Amended Articles of Association
10 Junio 2010 - 11:31AM
UK Regulatory
TIDMLMR
RNS Number : 4423N
Luminar Group Holdings PLC
10 June 2010
Luminar Group Holdings Plc (the "Company")
10 June 2010
Amendments to the Articles of Association
The Company has, in accordance with DTR 6.1.2, submitted a draft of the
Company's proposed revised Articles of Association (the "New Articles") to the
FSA for publication through its document viewing facility. The New Articles will
be considered at the Annual General Meeting ("AGM") of the Company to be held on
13 July 2010.
The New Articles will shortly be available for inspection at the UK Listing
Authority's Document Viewing Facility, which is situated at Financial Services
Authority, 25 The North Colonnade, Canary Wharf, London E14 5HS. They are also
available for inspection at the Company's registered office and will be
available at the AGM venue on the day of the AGM shortly before the meeting.
It is proposed that the Company adopt the New Articles in order to update the
Company's current Articles of Association ("Current Articles"), primarily to
take account of the introduction of the Companies (Shareholders' Rights)
Regulations 2009 ("Shareholders' Rights Regulations") and the implementation of
the last parts of the Companies Act 2006 (the "Act"). The New Articles contain
certain differences from the current Articles of Association (the "Current
Articles") of the Company. The paragraphs below explain certain of the key
changes:
1. The Company's objects
The provisions regulating the operations of the Company are set out in the
Company's memorandum and articles of association. The Company's memorandum
contains, amongst other things, the objects clause, which sets out the scope of
activities that the Company can undertake.
The Act significantly reduces the importance of the Company's memorandum of
association. The Act provides that the memorandum need only record the names of
the subscribers and the number of shares that each subscriber has agreed to take
in the Company. Under the Act, the objects clause and all other provisions,
which are contained in the Company's memorandum, for existing companies at 1
October 2009, are deemed to be contained in the Company's articles of
association but the Company can remove these by special resolution.
Further, the Act states that unless the articles provide otherwise, a company's
objects will be unrestricted. This abolishes the need for companies to have an
objects clause. For this reason, the Company is proposing to remove its objects
clause together with all other provisions of its memorandum, which, by virtue of
the Act, are treated as forming part of the Company's articles of association. A
resolution is proposed to remove these provisions.
2. Companies Act 1985
Provisions in the Current Articles that relate or refer to the Companies Act
1985 have been amended to bring them into line with the Act.

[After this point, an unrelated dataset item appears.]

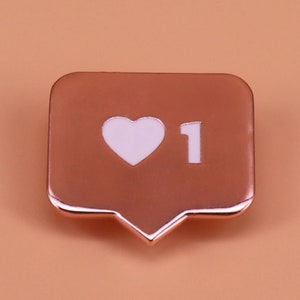 May include: Rose gold colored metal pin in the shape of a social media notification icon with a white heart and the number "1" inside.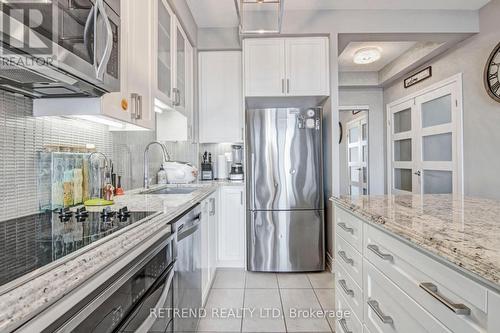 #307B -9090 Yonge St, Richmond Hill, ON - Indoor Photo Showing Kitchen With Stainless Steel Kitchen With Upgraded Kitchen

3. Authorised share capital
The Act abolishes the requirement for a company to have an authorised share
capital. The adoption of the New Articles by the Company will have the effect of
removing this provision relating to the maximum number of shares that may be
allotted by the Company. The directors will be limited as to the number of
shares they can at any time allot as shareholder authority will still be
required to authorise the directors to allot shares.
4. Redeemable shares
Prior to the Act coming into force, if a company wished to issue redeemable
shares, it had to include, in its articles, the terms and manner in which the
shares could be redeemed. The Act now enables directors to determine such
matters as long as the articles give them to ability to do so. The New Articles
contain such authorisation.
5. Authority to purchase own shares
Under the Companies Act 1985, a company required specific authorisations in its
articles (in addition to shareholder approval) to purchase its own shares. Under
the Act, public companies no longer require specific authorisations in their
articles to undertake these actions (although shareholder approval is still
required), so these provisions have not been included in the New Articles.
6. Adjournment for lack of quorum
Under the Act, as amended by the Shareholders' Rights Regulations, general
meetings adjourned for lack of quorum must be held at least 10 clear days after
the original meeting, The New Articles include this requirement.

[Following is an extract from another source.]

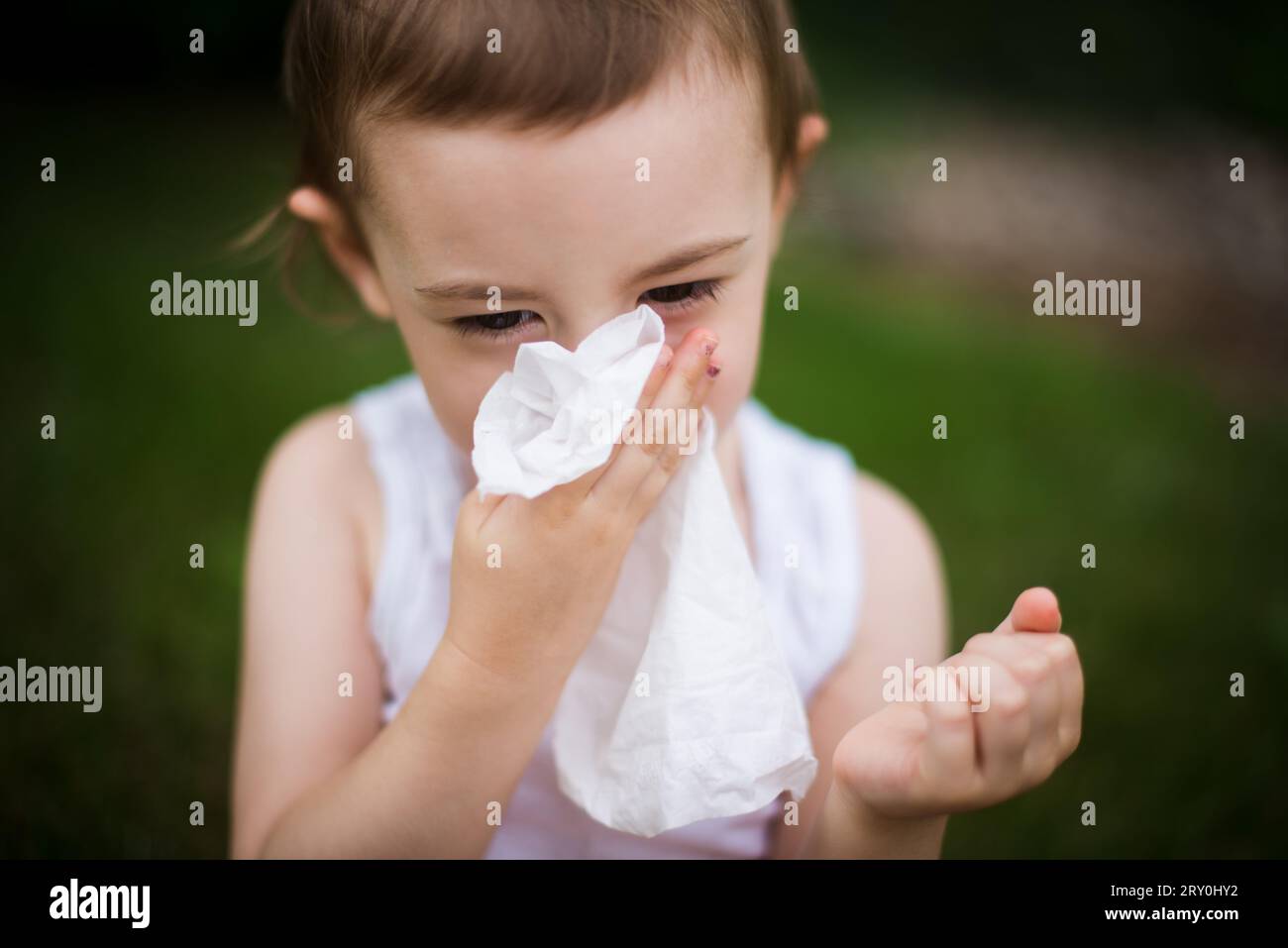 small child with allergies during fall allergy season Stock Photo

7. Chairman's casting vote
The New Articles remove the provision that gives the chairman a casting vote in
the event of equality of voting as this is no longer permitted under the Act.

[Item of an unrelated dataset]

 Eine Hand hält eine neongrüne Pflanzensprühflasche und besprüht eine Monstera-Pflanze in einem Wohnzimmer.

8. Voting by proxies on a show of hands
The Act, as amended, by the Shareholders' Right Regulations, provides that any
proxy appointed by a member has one vote on a show of hands unless the proxy is
appointed by more than one member in which case the proxy has one vote for and
one vote against if the proxy has been instructed by one or more members to vote
for the resolution and one or more to vote against the resolution. The New
Articles reflect these changes.
9. Use of seals
Under the Companies Act 1985, a company had to have authority in its articles to
have an official seal for use abroad. The New Articles provide an alternative
for execution of documents (other than for share certificates).
10. Deferred shares
The Current Articles contain provisions setting out the rights and restrictions
attaching to certain deferred shares in the capital of the Company. All of the
deferred shares were cancelled on 30 April 2010 and so the relevant provisions
have been deleted in the New Articles.
11. Proxy notices
The Current Articles state that any appointment of proxy has to be delivered no
later that 48 hours prior to the relevant meeting being held. This 48 hour
deadline was inclusive of weekend and bank holidays. Section 327(3) of the Act,
however, implements a provision that now excludes any non-working day from the
calculation of this time limit. The New Articles reflect this change.
12. Voting record date
In accordance with the provisions of the Shareholders' Rights Regulations, the
New Articles clarify that in determining which persons are allowed to attend or
vote at a general meeting of the Company and how many votes each person may
cast, the Company may specify a time which may not be more than 48 hours before
the time of the meeting (excluding any part of a day that is not a working day)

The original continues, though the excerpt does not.